# ASSIGNMENT
Each line from the one containing "Ducati Monster 937" onward, through the end of the entries, is to be transcribed exactly; nothing else is to be included.

# Records excerpted from a collection
=-=-=

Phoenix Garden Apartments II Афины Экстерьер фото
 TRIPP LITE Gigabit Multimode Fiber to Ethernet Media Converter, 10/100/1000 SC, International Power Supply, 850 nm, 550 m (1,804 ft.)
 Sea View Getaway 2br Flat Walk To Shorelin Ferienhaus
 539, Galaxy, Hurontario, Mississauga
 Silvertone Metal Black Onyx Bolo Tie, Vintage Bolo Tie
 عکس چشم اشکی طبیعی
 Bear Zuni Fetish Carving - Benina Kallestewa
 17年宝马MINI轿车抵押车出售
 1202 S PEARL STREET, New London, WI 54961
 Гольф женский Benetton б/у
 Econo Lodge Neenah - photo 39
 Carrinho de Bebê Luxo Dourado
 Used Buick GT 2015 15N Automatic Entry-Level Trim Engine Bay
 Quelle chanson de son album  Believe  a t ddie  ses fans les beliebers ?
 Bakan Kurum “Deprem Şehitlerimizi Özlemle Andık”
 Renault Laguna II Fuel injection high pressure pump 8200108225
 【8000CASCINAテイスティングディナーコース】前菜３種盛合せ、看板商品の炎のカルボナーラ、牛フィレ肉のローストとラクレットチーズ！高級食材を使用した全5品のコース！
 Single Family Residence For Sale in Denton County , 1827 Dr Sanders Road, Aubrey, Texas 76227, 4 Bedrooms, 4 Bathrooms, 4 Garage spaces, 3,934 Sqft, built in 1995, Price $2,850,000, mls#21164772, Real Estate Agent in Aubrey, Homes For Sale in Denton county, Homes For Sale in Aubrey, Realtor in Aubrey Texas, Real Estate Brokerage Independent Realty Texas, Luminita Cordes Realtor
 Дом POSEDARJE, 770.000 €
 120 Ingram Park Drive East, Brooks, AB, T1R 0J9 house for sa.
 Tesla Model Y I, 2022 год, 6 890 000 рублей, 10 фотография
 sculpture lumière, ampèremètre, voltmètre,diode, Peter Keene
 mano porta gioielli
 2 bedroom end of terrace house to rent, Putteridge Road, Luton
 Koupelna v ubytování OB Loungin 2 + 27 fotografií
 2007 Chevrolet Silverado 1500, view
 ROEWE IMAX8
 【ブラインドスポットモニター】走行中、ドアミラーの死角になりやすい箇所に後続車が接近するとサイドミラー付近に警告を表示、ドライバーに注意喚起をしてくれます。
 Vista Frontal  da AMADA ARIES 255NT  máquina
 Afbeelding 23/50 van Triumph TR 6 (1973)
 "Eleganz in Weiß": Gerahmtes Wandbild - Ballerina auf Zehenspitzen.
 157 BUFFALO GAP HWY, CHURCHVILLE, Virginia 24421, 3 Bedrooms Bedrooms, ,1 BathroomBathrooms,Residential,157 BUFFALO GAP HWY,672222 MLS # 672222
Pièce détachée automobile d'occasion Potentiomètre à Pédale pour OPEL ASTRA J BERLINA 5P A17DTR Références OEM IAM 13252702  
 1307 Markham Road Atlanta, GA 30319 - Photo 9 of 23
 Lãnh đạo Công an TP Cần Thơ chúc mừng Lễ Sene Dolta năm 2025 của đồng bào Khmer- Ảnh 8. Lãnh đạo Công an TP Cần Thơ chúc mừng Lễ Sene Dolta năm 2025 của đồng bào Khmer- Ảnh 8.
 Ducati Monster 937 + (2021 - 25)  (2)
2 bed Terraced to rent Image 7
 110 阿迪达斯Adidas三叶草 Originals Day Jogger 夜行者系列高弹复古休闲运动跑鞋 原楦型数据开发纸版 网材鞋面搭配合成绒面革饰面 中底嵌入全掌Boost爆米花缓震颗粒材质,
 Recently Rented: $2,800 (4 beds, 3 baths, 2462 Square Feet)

=-=-=

# RESPONSE TO THE EXERCISE
 Ducati Monster 937 + (2021 - 25)  (2)
2 bed Terraced to rent Image 7
 110 阿迪达斯Adidas三叶草 Originals Day Jogger 夜行者系列高弹复古休闲运动跑鞋 原楦型数据开发纸版 网材鞋面搭配合成绒面革饰面 中底嵌入全掌Boost爆米花缓震颗粒材质,
 Recently Rented: $2,800 (4 beds, 3 baths, 2462 Square Feet)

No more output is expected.